== Material supplied ==

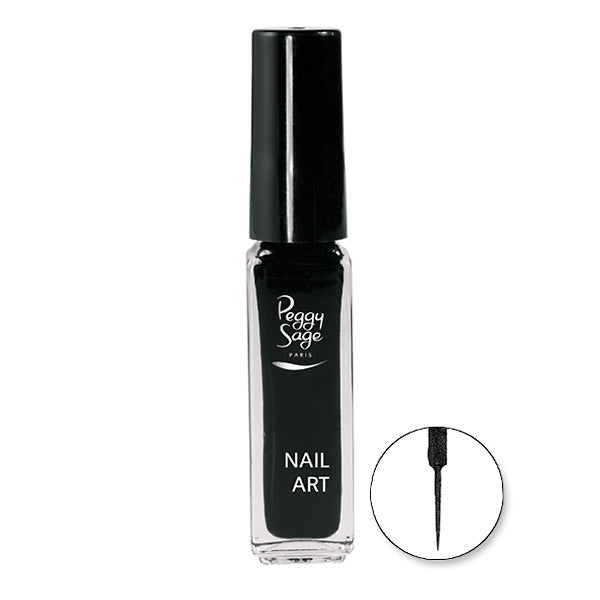 PEGGY SAGE  SMALTI PER UNGHIE NAIL ART NOIR 7ML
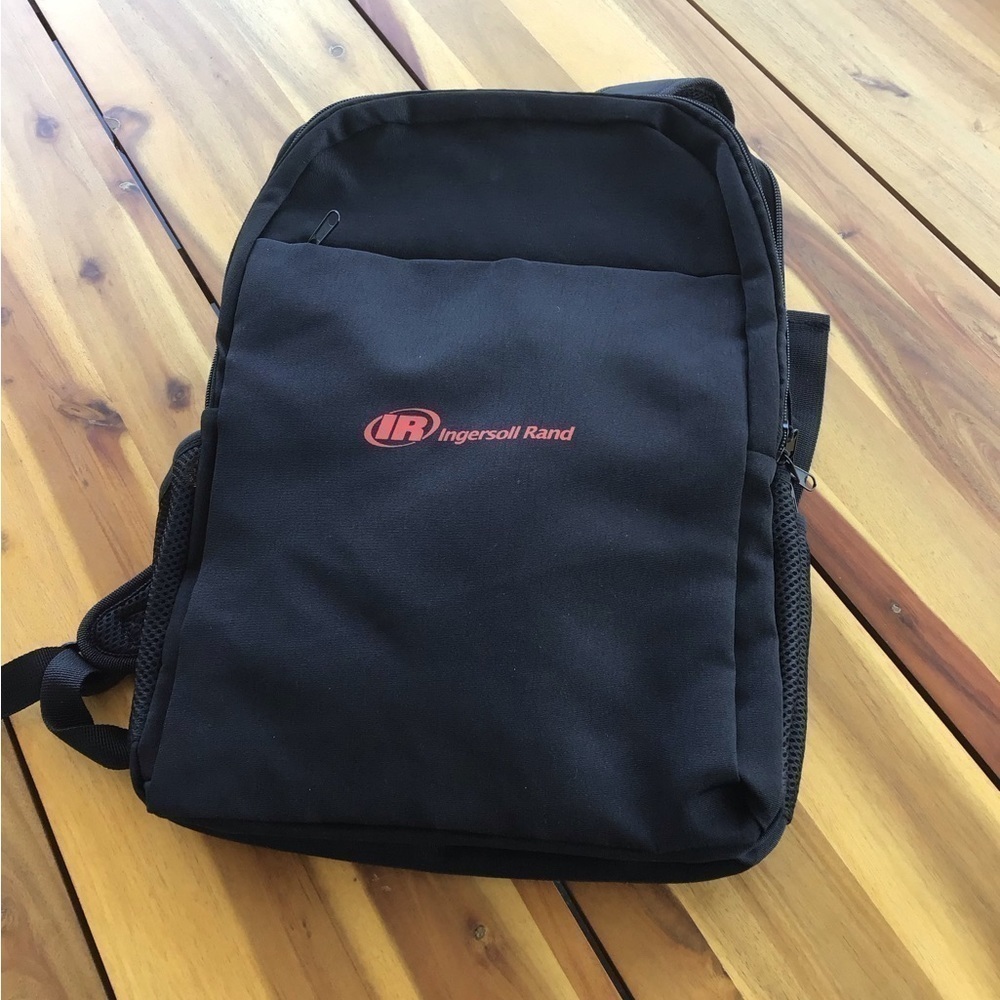 Ingersoll Rand black backpack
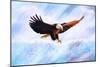 Eagle Painting-Ata Alishahi-Mounted Giclee Print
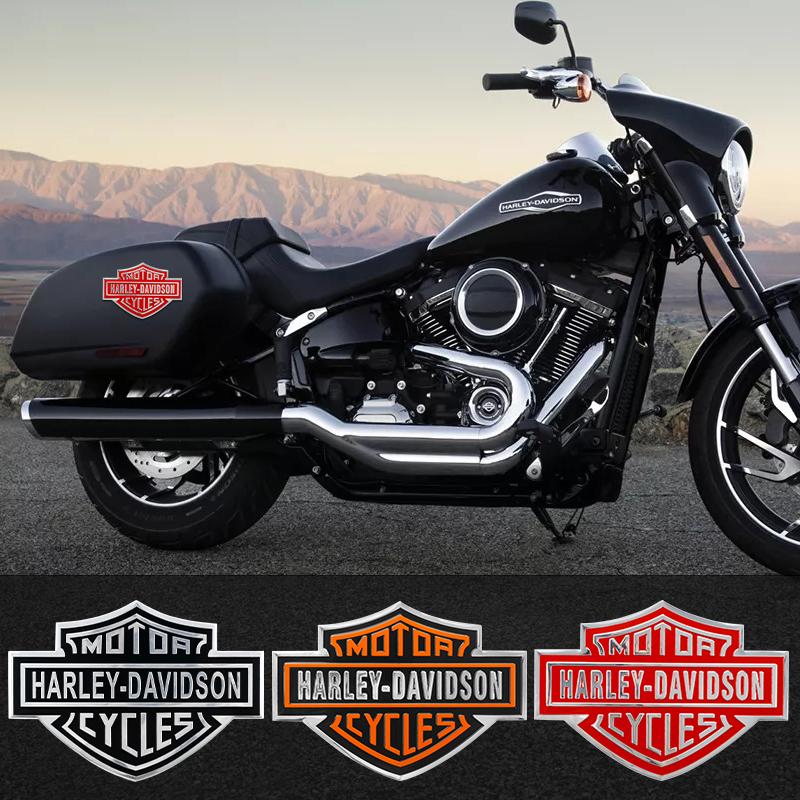 Metal Decorative Logo Motorcycle Car Stickers for Harley Davidson Car Sticker Badge Accessories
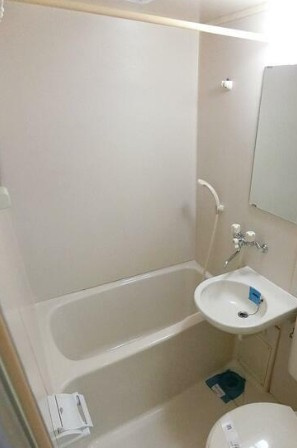 日興パレス永福町の浴室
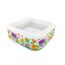 Intex Sea Aquarium Pool 159×159×50 cm | aufblasbarer Kinderpool für Garten & Terrasse | buntes Planschbecken mit Meeresmotiv | Stabiler 2-Ring-Aufbau | ideal für Sommer & Outdoor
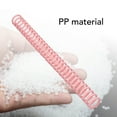thumbnail image 4 of 30 Ring Plastic Binder Combs, Bind Documents Easily with A4 Paper 150 Sheets, for Teachers, Students, Professors, PP, 30 Rings, A4, B5, A5, 4 of 7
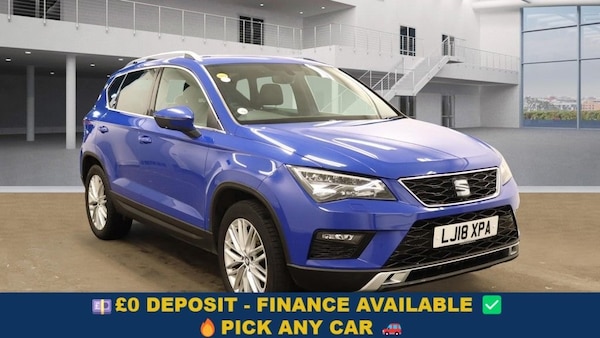 Used SEAT Ateca 2018 for sale - 76286182: Photo 1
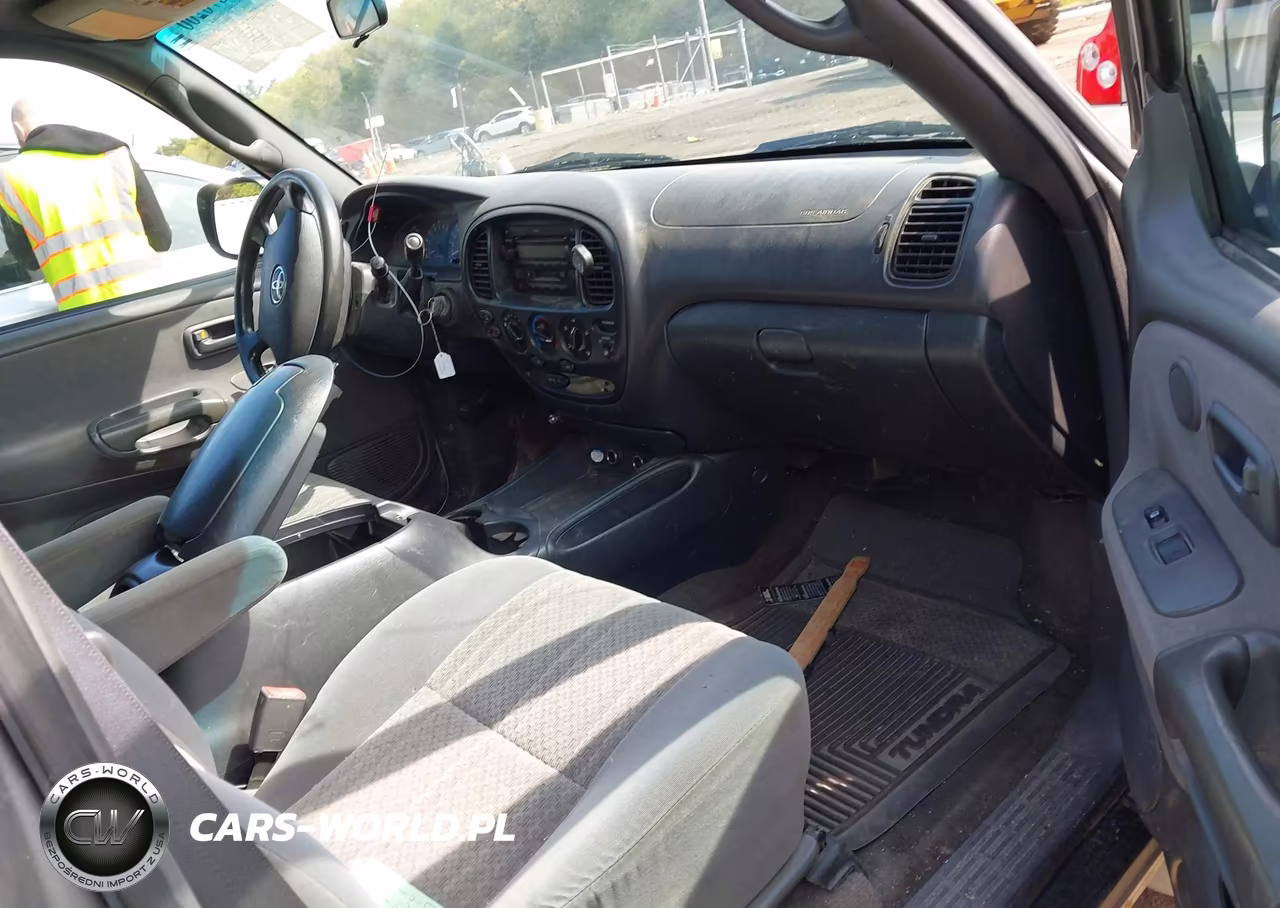 2004 Toyota Tundra Sr5 V8 VIN:5TBBT44154S452189 - 5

===

What this task involves: Type out each line of the records above exactly, skipping any pictures.

Result of the exercise:
 PEGGY SAGE  SMALTI PER UNGHIE NAIL ART NOIR 7ML
 Ingersoll Rand black backpack
 Eagle Painting-Ata Alishahi-Mounted Giclee Print
 Metal Decorative Logo Motorcycle Car Stickers for Harley Davidson Car Sticker Badge Accessories
 日興パレス永福町の浴室
 Intex Sea Aquarium Pool 159×159×50 cm | aufblasbarer Kinderpool für Garten & Terrasse | buntes Planschbecken mit Meeresmotiv | Stabiler 2-Ring-Aufbau | ideal für Sommer & Outdoor
thumbnail image 4 of 30 Ring Plastic Binder Combs, Bind Documents Easily with A4 Paper 150 Sheets, for Teachers, Students, Professors, PP, 30 Rings, A4, B5, A5, 4 of 7
 Used SEAT Ateca 2018 for sale - 76286182: Photo 1
 2004 Toyota Tundra Sr5 V8 VIN:5TBBT44154S452189 - 5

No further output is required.